Beyond The Printed Page | March 7, 2018

What Are Sugar-Engineered Antibodies?

Source: Life Science Leader

By Rob Wright, Chief Editor, Life Science Leader
Follow Me On Twitter @RfwrightLSL

What Are Sugar-Engineered Antibodies?
Rob Wright (L) with Clay Siegall, founder, president, CEO, and chairman of Seattle Genetics (R), January 10, 2018.

Ever heard of sugar-engineered antibodies (SEAs)?

If you answered “no,” don’t worry, I hadn’t either. Well, let me clarify. While putting together some questions to guide my interview with Clay Siegall, founder, president, CEO, and chairman of Seattle Genetics, I had come across some information about SEAs on the company’s website. As I hadn’t heard or read much about the technology previously, it seemed a good topic to broach while meeting with him in San Francisco during the 36th Annual J.P. Morgan Healthcare Conference (JPM). His response was intriguing, yet concise, and we created a small sidebar about SEAs to be included in the March 2018 print cover feature in Life Science Leader magazine. Unfortunately, as sometimes happens, we ran into one of the constraints of print publishing — space limitations. As such, we added Siegall’s SEA insights to Life Science Leader’s exclusive Beyond The Printed Page online section of the magazine. If you like what the Seattle Genetics founder has to say on SEAs, you may want to check out the four other Beyond The Printed Page articles involving Siegall (see below list). Consider subscribing today at our current special rate of $49 (enter coupon code ED49). For while Beyond The Printed Page remains free, accessing all the great content Life Science Leader magazine has to offer requires a subscription.

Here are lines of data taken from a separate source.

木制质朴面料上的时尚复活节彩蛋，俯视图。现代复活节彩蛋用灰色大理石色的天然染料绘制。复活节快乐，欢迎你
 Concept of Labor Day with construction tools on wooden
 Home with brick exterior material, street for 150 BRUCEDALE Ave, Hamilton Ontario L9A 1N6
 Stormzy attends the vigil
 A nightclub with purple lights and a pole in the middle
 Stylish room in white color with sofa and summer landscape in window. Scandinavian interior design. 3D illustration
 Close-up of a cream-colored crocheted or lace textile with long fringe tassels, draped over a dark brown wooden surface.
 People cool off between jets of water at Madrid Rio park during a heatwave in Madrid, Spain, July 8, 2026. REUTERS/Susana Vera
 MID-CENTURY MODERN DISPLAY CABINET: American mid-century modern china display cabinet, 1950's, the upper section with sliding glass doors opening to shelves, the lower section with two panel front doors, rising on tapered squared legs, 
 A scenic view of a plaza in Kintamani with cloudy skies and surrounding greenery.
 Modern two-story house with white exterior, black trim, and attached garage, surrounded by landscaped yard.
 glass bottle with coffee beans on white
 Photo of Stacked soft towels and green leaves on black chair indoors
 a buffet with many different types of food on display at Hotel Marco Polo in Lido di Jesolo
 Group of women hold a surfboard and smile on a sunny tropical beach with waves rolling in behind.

What Are Sugar-Engineered Antibodies?

One of the new technologies Seattle Genetics is working on is sugar-engineered antibodies. “This is something we developed internally while researching ways to make antibodies more powerful,” says Clay Siegall, founder, president, CEO, and chairman of Seattle Genetics. “Antibody-drug conjugates (ADCs) are empowered antibodies. But our SEA technology also can empower ADCs, but in a different way.” According to Siegall, SEA makes an antibody non-fucosylated. “There are other technologies that de-fucosylate (i.e., get rid of 60 to 70 percent of the fucose on an antibody),” he explains. “Our SEA technology gets rid of 100 percent of fucose.”

Fucose is an essential hexose deoxy sugar the body uses to communicate from cell to cell. Some studies have shown that fucose may play a role in cancer and its treatment.

“A non-fucosylated antibody has a dramatically improved effector function, and results in an enhanced innate immune response against cancer,” he attests.  The company’s proprietary SEA technology is a novel approach to increasing the potency of monoclonal antibodies, and is complementary to its ADC technology. Seattle Genetics already has one of its sugar-engineered antibodies (SEA-CD40) in clinic, and expects to do more. That said, Siegall is quick to remind that the company’s SEA technology isn’t its major thrust. “ADC technology is where we are spending 75 to 80 percent of our efforts,” he clarifies. “The other 20 or so percent involves a variety of different types of non-ADC technologies, not just SEA.”